Marcy Winograd, who unsuccessfully challenged Harman in the 2006 Democratic primary for CD36, has announced her intention to once again take on the incumbent.
Dear Friends & Supporters:It's official. I have declared my intention to challenge the Queen of Wiretaps, Jane Harman, once again -- this time in 2010 (or sooner, should she follow Specter's lead and switch parties!). Please note I promise I will not accept any $$ or favors from AIPAC or Alberto Gonzales.Thank you for your support.In peace, Marcy Winograd
Winograd had previously shown no interest in a rematch, but news reports of a wire tapping scandal involving Harman opened the door to what promises the first of several challenges.
Interestingly enough, Winograd doesn't actually reside in the district she hopes to take from Harman. As of 2008, Winograd listed a Pacific Palisades address (Henry Waxman's district) when making contributions to various political causes. In 2006, Winograd took an apartment in Marina del Rey before officially filing in the primary race. No word on wether she kept the apartment or if she'll take a new address for this election.
There are no district residency requirements for Congressional candidates beyond being a resident of California at the time of the election.
If Harman does not indicate she'll step down before the primary, it's unlikely other viable candidates who actually live in CD36 and are well know to their constituents, such as Ted Lieu or Janice Hahn, will challenge her.
THE HARMAN WIRETAP STORY - A TIME LINE
Talking Points Memo, which has been following this story closely since it broke, has done a terrific summary on the case:
- Harman was picked up on a 2005 government wiretap, telling a suspected Israeli agent that she would urge the Bush White House to go easy in the AIPAC spying case, in exchange for AIPAC's help lobbying Nancy Pelosi to give Harman the job of House intelligence committee chair. Before signing off, she's alleged to have said: "This conversation doesn't exist."
- Haim Saban, a major Democratic fundraiser and AIPAC supporter, later called Pelosi and threatened to withhold contributions if Harman wasn't given the intel chair post.
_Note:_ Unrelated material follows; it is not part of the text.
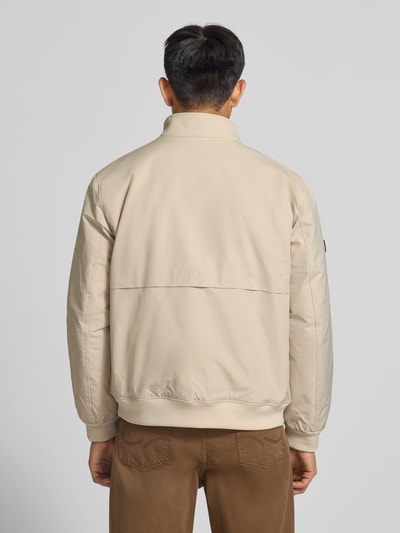 Männermodel trägt Regular Fit Jacke mit Logo-Stitching Modell 'HARRINGTON' von Superdry in Beige vor grauem Hintergrund, Ganzkörperansicht Rückansicht. Elastischer Material-Mix, Stehkragen, sichtbare Details am Rücken.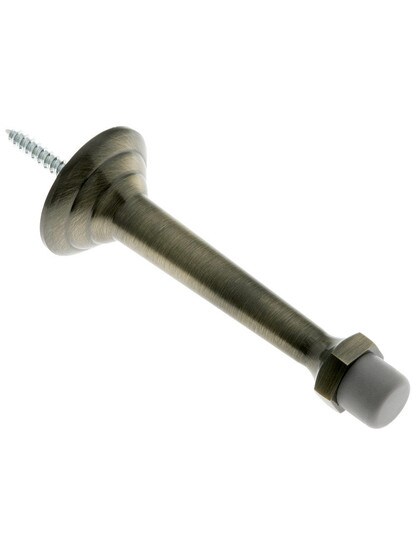 3 3/4 inch Stepped Base Door Stop With Dark Grey Tip in Antique Brass.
- Porter Goss, at the time the director of central intelligence, read the transcript of Harman's conversation, and signed off on the Justice Department's application for a FISA warrant to wiretap Harman herself.
- But Alberto Gonzales, at the time the attorney general, quashed an investigation into Harman, because he needed her to defend the administration's warrantless wiretapping program, and didn't want her credibility damaged. (Harman did indeed go on to defend the program, after the New York Times had revealed its existence.) John Negroponte, then the intelligence czar, also stepped in to get the investigation called off.
- Both Pelosi and then House Speaker Dennis Hastert learned about Harman's wiretapped conversation. Pelosi has said she did not notify Harman.
- Ultimately, Harman didn't get the intel chair job, which went to Rep. Silvestre Reyes, and Saban didn't withhold contributions to Democrats.
- Since CQ's story came out, Harman has claimed not to remember the conversation in question, but has given vague denials that she would have offered a quid pro quo of the kind described by CQ's sources. She has also denied intervening in the AIPAC case, and no information has emerged suggesting she did. In addition, Harman has called on the Justice Department to release all information connected to any investigation into her, including transcripts of wiretapped calls.
- Harman has hired Lanny Davis -- a former Clinton White House counsel who's close to AIPAC -- as a "media advisor".
- Reyes has announced that the committee will investigate the circumstances under which Harman's conversation was wiretapped.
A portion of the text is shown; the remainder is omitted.